Ina Garten’s Crustless Quiche
Irresistible Comfort in Every Bite
Ever found yourself craving something rich and comforting that doesn’t take all morning to make? Ina Garten’s Crustless Quiche is here to save the day! This delightful dish is eggy, creamy, and loaded with veggies, all baked in one pan. Not only is it delicious, but it also looks impressive enough to serve at brunch. Your friends won’t believe you whipped it up in no time!
Why Make This Recipe
Let’s be honest, who doesn’t love a little help in the kitchen? Here’s why you’ll adore Ina’s Crustless Quiche:
- Easy Cleanup: One pan means less scrubbing and more time to enjoy your food.
- Customizable: Toss in whatever veggies or meats you have on hand. Think of it as culinary roulette!
- Family-Friendly: Perfect for breakfast, lunch, or dinner — even the pickiest eaters will devour it!
Ingredients:
You don’t need fancy stuff — just these basics!
- 6 large eggs
- 1 cup heavy cream
- 1/2 cup milk
- 1 1/2 cups shredded cheese (cheddar or Gruyère)
- 1 cup diced vegetables (spinach, mushrooms, peppers, or zucchini)
- 1/2 cup cooked bacon or ham (optional)
- 1 small onion, finely chopped
- 1 tbsp olive oil or butter
- Salt and pepper, to taste
- 2 tbsp fresh herbs, chopped
Directions:
Let’s get cooking! Here’s how to bring this quiche to life:
- Preheat your oven to 375°F and grease a 9-inch pie dish.

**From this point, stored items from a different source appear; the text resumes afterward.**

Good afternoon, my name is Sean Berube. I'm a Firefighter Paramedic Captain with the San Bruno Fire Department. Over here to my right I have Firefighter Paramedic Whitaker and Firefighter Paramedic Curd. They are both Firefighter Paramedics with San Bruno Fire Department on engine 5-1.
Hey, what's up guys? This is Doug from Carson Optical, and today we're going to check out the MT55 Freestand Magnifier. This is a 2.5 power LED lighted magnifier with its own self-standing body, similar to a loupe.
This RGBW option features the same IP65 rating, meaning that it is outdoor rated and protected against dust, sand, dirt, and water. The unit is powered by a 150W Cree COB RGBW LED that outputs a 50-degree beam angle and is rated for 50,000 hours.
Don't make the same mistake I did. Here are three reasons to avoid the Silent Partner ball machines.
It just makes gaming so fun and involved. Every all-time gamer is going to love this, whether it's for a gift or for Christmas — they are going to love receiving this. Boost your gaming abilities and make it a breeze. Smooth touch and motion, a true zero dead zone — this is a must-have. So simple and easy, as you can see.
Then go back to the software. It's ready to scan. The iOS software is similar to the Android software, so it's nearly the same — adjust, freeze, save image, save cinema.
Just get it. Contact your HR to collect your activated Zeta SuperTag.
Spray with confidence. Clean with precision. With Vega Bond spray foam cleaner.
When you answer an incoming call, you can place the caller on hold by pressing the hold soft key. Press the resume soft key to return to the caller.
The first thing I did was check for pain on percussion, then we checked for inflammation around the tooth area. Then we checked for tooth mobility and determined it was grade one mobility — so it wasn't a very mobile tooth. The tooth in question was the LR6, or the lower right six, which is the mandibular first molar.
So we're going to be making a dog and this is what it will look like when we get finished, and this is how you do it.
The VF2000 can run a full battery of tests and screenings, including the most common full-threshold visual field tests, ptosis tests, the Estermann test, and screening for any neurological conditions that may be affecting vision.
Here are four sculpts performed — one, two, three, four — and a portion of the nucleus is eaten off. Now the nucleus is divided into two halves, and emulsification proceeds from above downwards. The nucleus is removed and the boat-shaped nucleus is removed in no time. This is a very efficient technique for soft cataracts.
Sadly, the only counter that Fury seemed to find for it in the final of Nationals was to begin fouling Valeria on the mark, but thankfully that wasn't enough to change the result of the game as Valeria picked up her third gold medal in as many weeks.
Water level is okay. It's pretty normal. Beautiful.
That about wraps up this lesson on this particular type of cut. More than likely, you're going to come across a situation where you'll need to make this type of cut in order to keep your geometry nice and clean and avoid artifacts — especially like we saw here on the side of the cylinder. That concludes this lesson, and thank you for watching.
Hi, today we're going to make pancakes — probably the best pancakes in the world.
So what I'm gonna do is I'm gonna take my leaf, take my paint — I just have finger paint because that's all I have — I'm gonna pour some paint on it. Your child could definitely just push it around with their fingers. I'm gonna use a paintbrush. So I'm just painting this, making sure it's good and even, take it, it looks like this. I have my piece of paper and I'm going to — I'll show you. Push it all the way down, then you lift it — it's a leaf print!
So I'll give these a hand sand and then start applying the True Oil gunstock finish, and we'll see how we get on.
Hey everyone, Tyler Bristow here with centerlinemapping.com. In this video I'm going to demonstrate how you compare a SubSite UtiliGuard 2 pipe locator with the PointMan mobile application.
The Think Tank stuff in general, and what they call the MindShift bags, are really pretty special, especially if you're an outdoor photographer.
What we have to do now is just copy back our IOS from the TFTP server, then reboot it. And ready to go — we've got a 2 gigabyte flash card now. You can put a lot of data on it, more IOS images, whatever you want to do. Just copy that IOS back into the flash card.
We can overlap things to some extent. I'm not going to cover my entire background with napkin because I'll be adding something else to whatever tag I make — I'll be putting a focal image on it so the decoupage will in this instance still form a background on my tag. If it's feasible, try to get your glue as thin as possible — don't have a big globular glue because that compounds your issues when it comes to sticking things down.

- Sauté the onion in olive oil until fragrant, then add your diced veggies. Cook until tender, then let cool slightly.
- In a mixing bowl, whisk together the eggs, heavy cream, milk, salt, and pepper.
- Stir in the sautéed vegetables, cheese, and bacon/ham if you’re using it.
- Pour the mixture into the greased pie dish and pop it in the oven.
- Bake for 30–35 minutes or until the quiche is set and golden on top.
- Cool for about 5–10 minutes, slice it up, and serve warm or at room temperature.
How to Make Ina Garten’s Crustless Quiche (Overview)
Making Ina Garten’s Crustless Quiche is a breeze! Start by sautéing those sweet onions until they’re fragrant and just begging to be eaten. Next, whisk your eggs and cream together until you get that lovely froth. Mix in the colorful veggies, cheese, and Optional bacon like you’re adding sprinkles to a cupcake. Then, let your oven do the magic. Pro tip? Keep an eye on it during the last few minutes to ensure that glorious golden crust. Yum!
How to Serve Ina Garten’s Crustless Quiche
Serve this quiche with a vibrant side salad for a delightful contrast. Think of bright greens, juicy tomatoes, and a dash of balsamic drizzle. The combination of textures — creamy quiche meets crunchy salad — is so satisfying! Don’t forget to garnish with fresh herbs for that pop of color and aromatic goodness.
How to Store Ina Garten’s Crustless Quiche
Plan to enjoy leftovers? This quiche keeps well in the fridge for about 3–4 days. You can also freeze slices for up to 2 months. Just pop them in an airtight container and reheating is a breeze! Toss a slice in the microwave for a quick breakfast or a cozy lunch.
Tips to Make Ina Garten’s Crustless Quiche
- Mix and Match Veggies: Don’t be afraid to use whatever veggies are in your fridge. It’s a great way to clean out those leftovers!
- Spice it Up: Add a bit of hot sauce or a sprinkle of chili flakes for a kick!
- Cheese Swap: Try different cheeses like feta or goat cheese for unique flavors.
Variation
Want to shake things up? Consider going vegan! Use plant-based cream, and substitute eggs with chickpea flour batter. Feel free to add nutritional yeast for that cheesy flavor without the dairy.
FAQs
Can I make this quiche ahead of time?
Absolutely! You can prepare it the night before and bake it in the morning.
What can I substitute for heavy cream?
You can use half-and-half or a non-dairy alternative like coconut cream.
Can I freeze the quiche?
Yes! Slice it and store in an airtight container for up to two months. Just reheat when you’re ready to enjoy!
📌 Pin this recipe for your next cozy dinner night!

Crustless Quiche
Ingredients
Method
- Preheat your oven to 375°F and grease a 9-inch pie dish.
- Sauté the onion in olive oil until fragrant, then add your diced veggies. Cook until tender, then let cool slightly.
- In a mixing bowl, whisk together the eggs, heavy cream, milk, salt, and pepper.
- Stir in the sautéed vegetables, cheese, and bacon/ham if you’re using it.
- Pour the mixture into the greased pie dish.
- Bake for 30–35 minutes or until the quiche is set and golden on top.
- Cool for about 5–10 minutes, slice it up, and serve warm or at room temperature.